Britain has poor survival rates for 9 out of 10 cancers


The UK falling behind the rest of Europe in cancer survival rates.

The World Health Organisation (WHO) recently revealed global cancer cases have now reached 14 million each year. It also predicts that by 2025 the incidence of cancer around the world will hit 19 million cases every year.

These figures come at the same time as a report examining European survival rates five years after diagnosis, was published in Lancet Oncology. The analysis looks at 10 common types of cancer in some 10 million adult patients across more than 29 countries in Europe, diagnosed between 2000 and 2007.

In general, survival rates have been improving across the continent, with the Scandinavian countries in particular achieving high survival rates for most forms of cancers. The cancers with the most improved survival rates across the countries examined were prostate, rectal and non-Hodgkin lymphoma; seeing a 8.3%, 5.5% and 6.6% increase in five-year survival respectively between 2005-7 compared to 1999-2001.

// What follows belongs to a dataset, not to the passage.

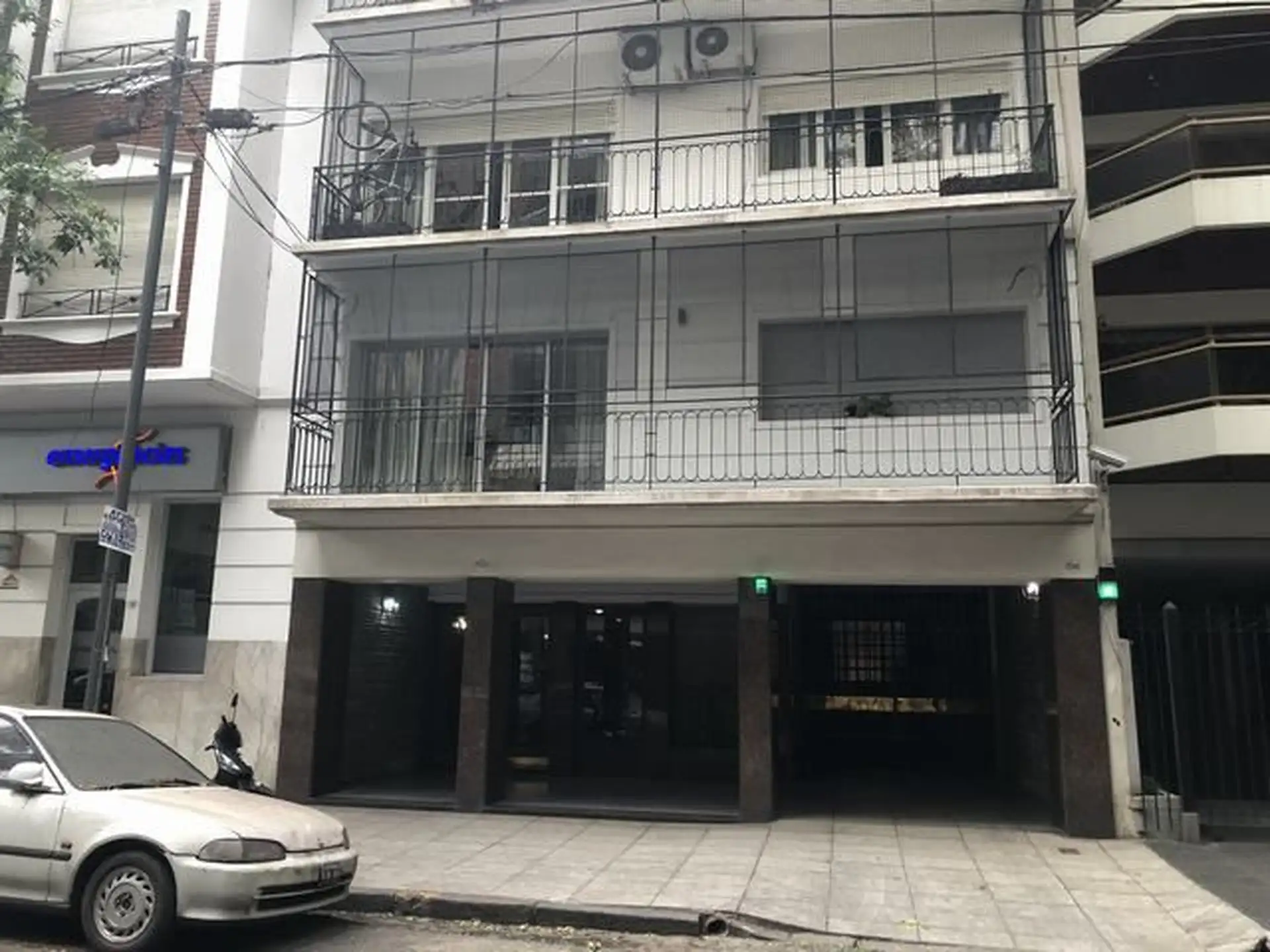 Departamento de 3 dormitorios en Belgrano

It is, however, the discrepancies in the rate at which survival is improving in different countries that is causing concern. Maybe most surprising is that Britain is falling behind many of the other countries studied; this is despite increased investment in research and treatment. For example, the UK currently achieves lower survival rates for kidney cancer than eastern European countries like Latvia and Estonia.

Although overall the five-year survival rates in Britain have been slowly increasing over recent decades for most forms of cancer, it is still only comparable to or actually falling below the European average for 9 out of the 10 types that were looked at.

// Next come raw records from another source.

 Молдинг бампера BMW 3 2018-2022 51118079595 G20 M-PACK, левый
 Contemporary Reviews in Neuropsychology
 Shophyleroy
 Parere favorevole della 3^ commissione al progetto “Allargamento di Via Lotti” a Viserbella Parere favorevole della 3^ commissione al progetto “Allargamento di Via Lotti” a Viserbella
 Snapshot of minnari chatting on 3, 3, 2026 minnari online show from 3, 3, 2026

It’s suggested that this is due to delays in diagnosis, which means that treatment is less effective in the later stages of the disease. Only in the case of skin cancer does the UK actually demonstrate a higher than average survival rate.

The study also looked at cancer survival by age. In general all countries saw a decrease in survival rate as age increased, but the results showed the UK has the worst rate for patients in their 70s and 80s.

There is no doubt that on the whole advancements in treatment have lead to an overall increase in the number of people surviving after cancer diagnosis. However, effort is still required to minimise the variance between countries. More awareness of risk factors and timely diagnosis is needed across the board.

Co-leader of the Lancet Oncology report Dr Roberta De Angelis reinforced that “there continues to be big disparities between countries, and international survival differences are narrowing for only a few cancers such as breast, rectum, prostate, and melanoma of the skin.”